Organizers of the project hope to promote best practices, community building, and conduct more research into how cutting-edge game design and development methodologies can aid in the creation of health tools.

Meanwhile, "Serious Video Game Summits" that have popped up around the country since 2003 with support from the Wilson Center are getting the health-focused gaming ball rolling even further. At one Washington, D.C. session last fall, Dr. Mark Wiederhold, co-founder of the Virtual Reality Medical Center in San Diego, CA, spoke of the need for more investment in developing video games with a therapeutic purpose.

 

On the Horizon

Wessel recently attended a "Serious Video Game Summit" in Madison, WI. "Lots of people have figured out that you can modify kids' behavior with video games," he observes. And he appreciates that researchers are starting to look at the vast possibilities in the health-focused video game arena. But he also offers a cautionary observation: "Most of these people are from academia. They have not learned how to translate their knowledge into a commercially viable entity."

All video games, health-focused or not, should be fun, according to Johnston. What makes them fun? "That's a big question," he responds. "Game design is a tricky art; there's no one recipe."

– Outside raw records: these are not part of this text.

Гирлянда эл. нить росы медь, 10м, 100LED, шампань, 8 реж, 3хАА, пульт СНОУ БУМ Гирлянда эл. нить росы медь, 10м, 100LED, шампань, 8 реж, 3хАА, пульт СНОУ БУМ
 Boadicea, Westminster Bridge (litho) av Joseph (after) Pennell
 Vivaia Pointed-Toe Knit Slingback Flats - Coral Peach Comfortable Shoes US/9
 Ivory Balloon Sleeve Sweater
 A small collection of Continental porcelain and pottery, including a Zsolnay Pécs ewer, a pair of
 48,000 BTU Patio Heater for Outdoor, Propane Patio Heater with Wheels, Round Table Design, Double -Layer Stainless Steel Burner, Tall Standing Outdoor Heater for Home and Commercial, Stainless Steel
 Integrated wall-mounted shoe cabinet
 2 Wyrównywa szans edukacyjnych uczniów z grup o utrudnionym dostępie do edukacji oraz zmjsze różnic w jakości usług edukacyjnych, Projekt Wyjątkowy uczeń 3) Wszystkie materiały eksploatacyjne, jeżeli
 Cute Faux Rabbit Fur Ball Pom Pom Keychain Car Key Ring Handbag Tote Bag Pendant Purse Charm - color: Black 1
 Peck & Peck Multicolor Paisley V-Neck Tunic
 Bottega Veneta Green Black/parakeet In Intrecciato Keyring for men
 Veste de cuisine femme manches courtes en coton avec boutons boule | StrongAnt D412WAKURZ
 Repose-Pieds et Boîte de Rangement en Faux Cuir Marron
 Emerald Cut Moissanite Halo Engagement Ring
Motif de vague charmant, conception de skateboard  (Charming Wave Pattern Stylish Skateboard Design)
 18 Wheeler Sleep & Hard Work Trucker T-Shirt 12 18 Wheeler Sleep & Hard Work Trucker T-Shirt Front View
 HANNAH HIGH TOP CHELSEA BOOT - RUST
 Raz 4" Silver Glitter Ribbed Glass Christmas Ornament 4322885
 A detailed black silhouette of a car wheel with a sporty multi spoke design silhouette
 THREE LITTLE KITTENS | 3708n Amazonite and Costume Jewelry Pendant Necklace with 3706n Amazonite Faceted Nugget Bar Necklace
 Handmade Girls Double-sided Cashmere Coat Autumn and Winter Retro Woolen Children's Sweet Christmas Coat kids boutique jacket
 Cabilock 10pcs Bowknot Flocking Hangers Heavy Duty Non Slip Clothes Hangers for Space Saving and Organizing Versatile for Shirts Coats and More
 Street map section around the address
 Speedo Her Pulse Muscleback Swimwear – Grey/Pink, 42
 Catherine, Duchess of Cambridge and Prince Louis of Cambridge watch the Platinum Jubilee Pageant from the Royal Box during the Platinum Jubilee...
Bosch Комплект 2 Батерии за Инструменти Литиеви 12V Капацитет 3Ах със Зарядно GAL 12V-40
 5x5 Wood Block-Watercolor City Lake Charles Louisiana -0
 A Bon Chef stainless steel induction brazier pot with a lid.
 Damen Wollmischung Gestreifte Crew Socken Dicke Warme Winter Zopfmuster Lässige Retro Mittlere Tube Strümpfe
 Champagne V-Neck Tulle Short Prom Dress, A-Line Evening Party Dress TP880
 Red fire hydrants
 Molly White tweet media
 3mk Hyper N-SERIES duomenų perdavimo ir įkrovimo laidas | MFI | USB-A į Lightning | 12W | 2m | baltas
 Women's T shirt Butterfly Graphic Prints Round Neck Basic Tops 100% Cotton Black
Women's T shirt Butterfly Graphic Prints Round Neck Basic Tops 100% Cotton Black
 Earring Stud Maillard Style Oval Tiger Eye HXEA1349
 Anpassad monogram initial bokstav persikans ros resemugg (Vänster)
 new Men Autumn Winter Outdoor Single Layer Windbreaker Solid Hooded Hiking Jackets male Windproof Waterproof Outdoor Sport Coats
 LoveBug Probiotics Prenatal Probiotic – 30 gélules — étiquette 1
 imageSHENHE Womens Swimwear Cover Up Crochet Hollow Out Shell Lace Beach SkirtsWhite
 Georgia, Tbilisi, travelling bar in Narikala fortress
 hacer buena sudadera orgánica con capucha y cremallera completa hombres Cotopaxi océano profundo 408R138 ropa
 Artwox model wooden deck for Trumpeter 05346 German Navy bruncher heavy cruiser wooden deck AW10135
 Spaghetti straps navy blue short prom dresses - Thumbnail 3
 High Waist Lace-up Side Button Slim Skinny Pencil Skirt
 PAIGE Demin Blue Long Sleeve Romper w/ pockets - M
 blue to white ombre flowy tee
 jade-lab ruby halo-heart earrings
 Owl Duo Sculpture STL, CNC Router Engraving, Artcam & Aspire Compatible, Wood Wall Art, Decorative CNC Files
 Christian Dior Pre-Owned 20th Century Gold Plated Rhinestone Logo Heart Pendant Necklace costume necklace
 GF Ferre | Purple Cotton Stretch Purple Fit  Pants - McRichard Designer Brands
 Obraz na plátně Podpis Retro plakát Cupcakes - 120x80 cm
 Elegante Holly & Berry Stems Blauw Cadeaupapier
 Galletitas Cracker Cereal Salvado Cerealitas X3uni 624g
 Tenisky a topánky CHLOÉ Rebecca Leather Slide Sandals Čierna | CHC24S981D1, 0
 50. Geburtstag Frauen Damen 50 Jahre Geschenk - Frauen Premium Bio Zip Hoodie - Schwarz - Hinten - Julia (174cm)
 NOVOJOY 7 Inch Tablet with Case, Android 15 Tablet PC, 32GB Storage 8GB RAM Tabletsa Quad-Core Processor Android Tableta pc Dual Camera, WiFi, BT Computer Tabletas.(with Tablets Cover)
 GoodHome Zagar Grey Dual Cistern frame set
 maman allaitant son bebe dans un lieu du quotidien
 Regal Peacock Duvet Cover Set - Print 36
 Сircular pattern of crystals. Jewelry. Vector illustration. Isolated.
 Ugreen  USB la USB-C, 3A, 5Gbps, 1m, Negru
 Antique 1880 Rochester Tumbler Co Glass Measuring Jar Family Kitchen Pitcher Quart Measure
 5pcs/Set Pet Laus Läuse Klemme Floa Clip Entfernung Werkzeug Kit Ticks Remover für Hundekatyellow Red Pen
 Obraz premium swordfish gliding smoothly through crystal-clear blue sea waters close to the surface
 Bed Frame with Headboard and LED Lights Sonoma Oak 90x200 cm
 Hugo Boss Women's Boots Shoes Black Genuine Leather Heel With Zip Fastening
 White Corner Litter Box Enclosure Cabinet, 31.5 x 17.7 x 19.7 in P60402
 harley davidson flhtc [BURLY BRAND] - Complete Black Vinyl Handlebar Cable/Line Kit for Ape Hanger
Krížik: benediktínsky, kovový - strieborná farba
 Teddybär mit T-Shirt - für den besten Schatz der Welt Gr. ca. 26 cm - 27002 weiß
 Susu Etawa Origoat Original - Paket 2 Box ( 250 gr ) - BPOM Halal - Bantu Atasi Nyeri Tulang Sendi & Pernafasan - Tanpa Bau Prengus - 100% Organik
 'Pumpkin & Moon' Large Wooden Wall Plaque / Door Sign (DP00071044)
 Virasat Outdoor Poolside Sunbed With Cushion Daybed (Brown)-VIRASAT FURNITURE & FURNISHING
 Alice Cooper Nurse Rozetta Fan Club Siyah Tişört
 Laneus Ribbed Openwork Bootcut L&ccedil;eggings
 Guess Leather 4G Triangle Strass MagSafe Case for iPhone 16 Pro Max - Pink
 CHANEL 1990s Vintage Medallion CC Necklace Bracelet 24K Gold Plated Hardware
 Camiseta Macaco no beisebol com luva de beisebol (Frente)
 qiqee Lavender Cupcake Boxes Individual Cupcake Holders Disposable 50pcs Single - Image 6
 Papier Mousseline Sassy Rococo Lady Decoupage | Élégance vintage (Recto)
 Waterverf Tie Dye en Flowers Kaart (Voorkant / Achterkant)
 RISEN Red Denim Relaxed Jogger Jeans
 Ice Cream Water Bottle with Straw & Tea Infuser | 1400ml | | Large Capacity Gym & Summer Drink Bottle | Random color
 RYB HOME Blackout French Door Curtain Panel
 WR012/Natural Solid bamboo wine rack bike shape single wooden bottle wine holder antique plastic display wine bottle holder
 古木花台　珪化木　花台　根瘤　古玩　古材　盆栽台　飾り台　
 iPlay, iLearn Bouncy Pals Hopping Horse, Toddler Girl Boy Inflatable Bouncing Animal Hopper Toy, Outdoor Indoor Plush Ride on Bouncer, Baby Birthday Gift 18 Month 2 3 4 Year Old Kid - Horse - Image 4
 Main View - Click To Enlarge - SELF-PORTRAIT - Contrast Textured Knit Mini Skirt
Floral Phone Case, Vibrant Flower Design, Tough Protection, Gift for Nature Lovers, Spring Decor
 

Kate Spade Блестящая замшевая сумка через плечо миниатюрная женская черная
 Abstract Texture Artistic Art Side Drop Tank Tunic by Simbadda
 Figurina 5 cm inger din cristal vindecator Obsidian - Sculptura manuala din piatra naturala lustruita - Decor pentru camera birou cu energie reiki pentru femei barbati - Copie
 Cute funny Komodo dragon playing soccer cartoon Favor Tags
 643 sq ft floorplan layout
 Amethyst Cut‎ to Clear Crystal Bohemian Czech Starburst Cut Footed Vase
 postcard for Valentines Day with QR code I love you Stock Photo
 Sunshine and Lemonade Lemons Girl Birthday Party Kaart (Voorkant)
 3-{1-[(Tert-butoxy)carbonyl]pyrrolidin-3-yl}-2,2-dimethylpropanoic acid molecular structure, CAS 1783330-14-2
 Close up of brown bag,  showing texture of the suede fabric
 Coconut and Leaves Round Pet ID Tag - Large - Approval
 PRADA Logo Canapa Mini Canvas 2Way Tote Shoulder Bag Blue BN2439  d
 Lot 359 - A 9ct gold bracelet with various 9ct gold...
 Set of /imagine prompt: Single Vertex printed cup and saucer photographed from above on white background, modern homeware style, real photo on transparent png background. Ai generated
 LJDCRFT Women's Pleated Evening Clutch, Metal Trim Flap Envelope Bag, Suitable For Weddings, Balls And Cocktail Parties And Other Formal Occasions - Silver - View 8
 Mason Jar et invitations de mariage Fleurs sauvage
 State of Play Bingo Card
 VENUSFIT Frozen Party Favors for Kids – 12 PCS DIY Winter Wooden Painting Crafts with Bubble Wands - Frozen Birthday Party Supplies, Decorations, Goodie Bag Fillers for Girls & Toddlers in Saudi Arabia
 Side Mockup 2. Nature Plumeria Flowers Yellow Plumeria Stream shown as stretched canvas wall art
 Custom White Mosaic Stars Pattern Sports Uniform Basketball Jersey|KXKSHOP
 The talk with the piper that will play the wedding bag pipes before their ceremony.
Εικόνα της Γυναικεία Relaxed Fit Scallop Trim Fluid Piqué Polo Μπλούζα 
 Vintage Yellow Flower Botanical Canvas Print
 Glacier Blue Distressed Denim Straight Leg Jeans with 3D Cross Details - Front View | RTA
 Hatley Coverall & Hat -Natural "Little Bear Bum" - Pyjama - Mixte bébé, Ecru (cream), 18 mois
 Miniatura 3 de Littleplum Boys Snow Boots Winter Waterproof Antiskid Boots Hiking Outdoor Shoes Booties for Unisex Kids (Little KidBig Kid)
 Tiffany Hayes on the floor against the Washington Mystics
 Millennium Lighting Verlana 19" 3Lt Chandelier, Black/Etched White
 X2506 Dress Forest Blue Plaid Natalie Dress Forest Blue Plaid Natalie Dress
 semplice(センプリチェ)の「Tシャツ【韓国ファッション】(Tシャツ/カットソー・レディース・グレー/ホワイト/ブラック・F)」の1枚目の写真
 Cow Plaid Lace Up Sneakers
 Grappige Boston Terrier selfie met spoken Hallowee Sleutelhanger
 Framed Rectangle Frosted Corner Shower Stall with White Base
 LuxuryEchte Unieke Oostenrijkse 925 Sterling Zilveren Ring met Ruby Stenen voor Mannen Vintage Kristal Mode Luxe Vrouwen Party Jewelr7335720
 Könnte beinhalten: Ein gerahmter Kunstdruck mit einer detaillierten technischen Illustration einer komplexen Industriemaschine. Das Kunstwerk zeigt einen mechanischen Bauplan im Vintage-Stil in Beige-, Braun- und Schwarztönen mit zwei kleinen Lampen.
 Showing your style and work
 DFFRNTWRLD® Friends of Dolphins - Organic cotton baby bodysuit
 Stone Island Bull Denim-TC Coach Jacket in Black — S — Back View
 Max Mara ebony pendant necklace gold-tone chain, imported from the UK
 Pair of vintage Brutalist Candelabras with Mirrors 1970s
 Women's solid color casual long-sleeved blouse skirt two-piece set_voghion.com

In the meantime, Wessel has registered a few new patents on what he thinks might be the fun and healthy video games of the near future. Plus, Wessel's son Luke, now 17, is really interested in cell phones, so a gluco-cell phone might not be too far down the road.

Johnston hopes that once Ben recovers from his recent bone marrow transplant, he'll decide to go into the healthy video game production business. According to the game developer, the 10-year-old is a big inspiration: "My wife accused me of trying to give video games a good name," he says. "But I just wanted to work with Ben."

 


Rob Capriccioso is a former staff writer for Connect for Kids/SparkAction.